Refined quantum gates for $\Lambda$-type atom-photon hybrid systems

TL;DR

This paper introduces refined protocols for implementing high-efficiency quantum logic gates on hybrid atom-photon systems using reflection geometry, enabling scalable multi-qubit operations with minimal resources.

Contribution

The paper presents novel protocols for controlled-not, Fredkin, and Toffoli gates on hybrid systems, extending to multi-qubit gates with linear optical elements and no auxiliary particles.

Findings

Protocols achieve high efficiency with minimal resources.

Multi-qubit gates scale linearly with the number of qubits.

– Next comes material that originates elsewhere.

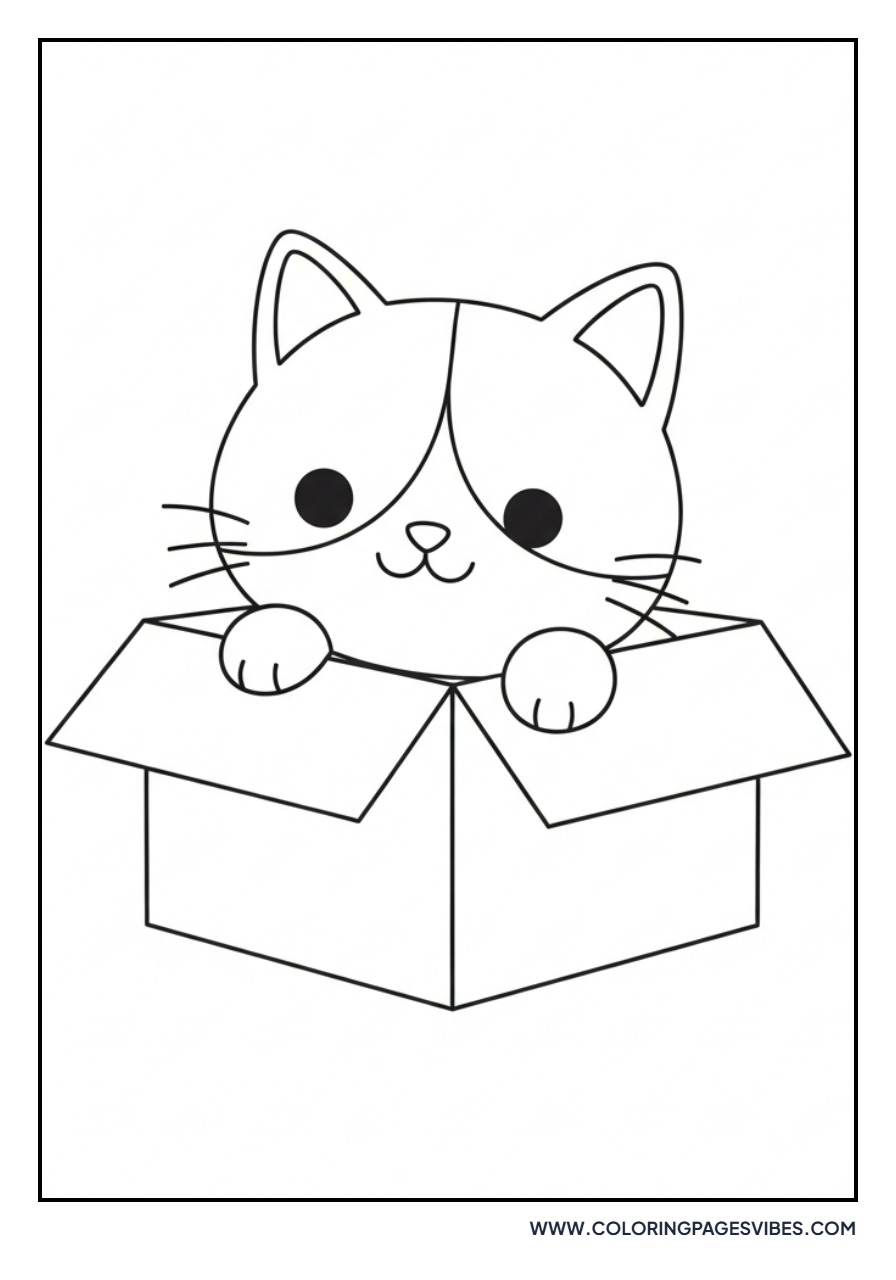 Kawaii Cat in Box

Single-qubit operations are simplified to photon-only manipulations.

Abstract

High-efficiency quantum information processing is equivalent to the fewest quantum resources and the simplest operations by means of logic qubit gates. Based on the reflection geometry of a single photon interacting with a three-level $\Lambda$-typle atom-cavity system, we present some refined protocols for realizing controlled-not (CNOT), Fredkin, and Toffoli gates on hybrid systems. The first control qubit of our gates is encoded on a flying photon, and the rest qubits are encoded on the atoms in optical cavity. Moreover, these quantum gates can be extended to the optimal synthesis of multi-qubit CNOT, Fredkin and Toffoli gates with O(n) optical elements without auxiliary photons or atoms. Further, the simplest single-qubit operations are applied to the photon only, which make these logic gates experimentally feasible with current technology.